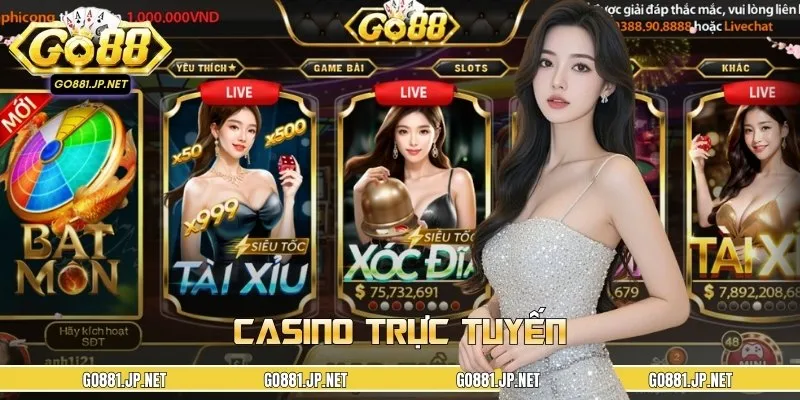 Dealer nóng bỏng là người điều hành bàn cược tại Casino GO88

* * *

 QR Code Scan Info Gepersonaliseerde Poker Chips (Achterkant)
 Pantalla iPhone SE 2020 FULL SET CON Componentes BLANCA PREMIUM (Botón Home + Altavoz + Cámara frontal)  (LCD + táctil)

--

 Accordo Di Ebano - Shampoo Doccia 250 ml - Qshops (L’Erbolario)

> _What you need to do_
Give back the records above exactly, limited to the lines between the one holding "QR Code Scan" and the one holding "Pantalla iPhone SE", inclusive.

> _Response to this exercise_
 QR Code Scan Info Gepersonaliseerde Poker Chips (Achterkant)
 Pantalla iPhone SE 2020 FULL SET CON Componentes BLANCA PREMIUM (Botón Home + Altavoz + Cámara frontal)  (LCD + táctil)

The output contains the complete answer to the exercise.